CPTEQR (3lapack)

compute all eigenvalues and, optionally, eigenvectors of a symmetric positive definite tridiagonal matrix by first factoring the matrix using SPTTRF and then calling CBDSQR to compute the singular values of the bidiagonal factor

SYNOPSIS

  SUBROUTINE CPTEQR( COMPZ, N, D, E, Z, LDZ, WORK, INFO )

      CHARACTER      COMPZ

      INTEGER        INFO, LDZ, N

      REAL           D( * ), E( * ), WORK( * )

      COMPLEX        Z( LDZ, * )

PURPOSE

  CPTEQR computes all eigenvalues and, optionally, eigenvectors of a
  symmetric positive definite tridiagonal matrix by first factoring the
  matrix using SPTTRF and then calling CBDSQR to compute the singular values
  of the bidiagonal factor.

  This routine computes the eigenvalues of the positive definite tridiagonal
  matrix to high relative accuracy.  This means that if the eigenvalues range
  over many orders of magnitude in size, then the small eigenvalues and
  corresponding eigenvectors will be computed more accurately than, for
  example, with the standard QR method.

  The eigenvectors of a full or band positive definite Hermitian matrix can
  also be found if CHETRD, CHPTRD, or CHBTRD has been used to reduce this
  matrix to tridiagonal form.  (The reduction to tridiagonal form, however,
  may preclude the possibility of obtaining high relative accuracy in the
  small eigenvalues of the original matrix, if these eigenvalues range over
  many orders of magnitude.)

ARGUMENTS

  COMPZ   (input) CHARACTER*1
          = 'N':  Compute eigenvalues only.
          = 'V':  Compute eigenvectors of original Hermitian matrix also.
          Array Z contains the unitary matrix used to reduce the original
          matrix to tridiagonal form.  = 'I':  Compute eigenvectors of
          tridiagonal matrix also.

  N       (input) INTEGER
          The order of the matrix.  N >= 0.

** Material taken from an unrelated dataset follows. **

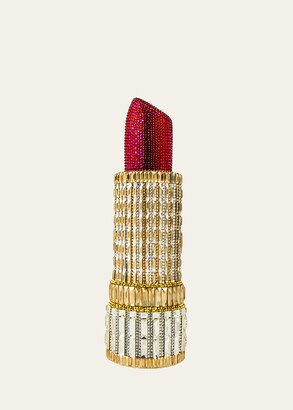 Seductress Crystal Lipstick Clutch Bag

  D       (input/output) REAL array, dimension (N)
          On entry, the n diagonal elements of the tridiagonal matrix.  On
          normal exit, D contains the eigenvalues, in descending order.

  E       (input/output) REAL array, dimension (N-1)
          On entry, the (n-1) subdiagonal elements of the tridiagonal matrix.
          On exit, E has been destroyed.

  Z       (input/output) COMPLEX array, dimension (LDZ, N)
          On entry, if COMPZ = 'V', the unitary matrix used in the reduction
          to tridiagonal form.  On exit, if COMPZ = 'V', the orthonormal
          eigenvectors of the original Hermitian matrix; if COMPZ = 'I', the
          orthonormal eigenvectors of the tridiagonal matrix.  If INFO > 0 on
          exit, Z contains the eigenvectors associated with only the stored
          eigenvalues.  If  COMPZ = 'N', then Z is not referenced.

  LDZ     (input) INTEGER
          The leading dimension of the array Z.  LDZ >= 1, and if COMPZ = 'V'
          or 'I', LDZ >= max(1,N).

  WORK    (workspace) REAL array, dimension (LWORK)
          If  COMPZ = 'N', then LWORK = 2*N If  COMPZ = 'V' or 'I', then
          LWORK = MAX(1,4*N-4)

  INFO    (output) INTEGER
          = 0:  successful exit.
          < 0:  if INFO = -i, the i-th argument had an illegal value.
          > 0:  if INFO = i, and i is: <= N  the Cholesky factorization of
          the matrix could not be performed because the i-th principal minor
          was not positive definite.  > N   the SVD algorithm failed to
          converge; if INFO = N+i, i off-diagonal elements of the bidiagonal
          factor did not converge to zero.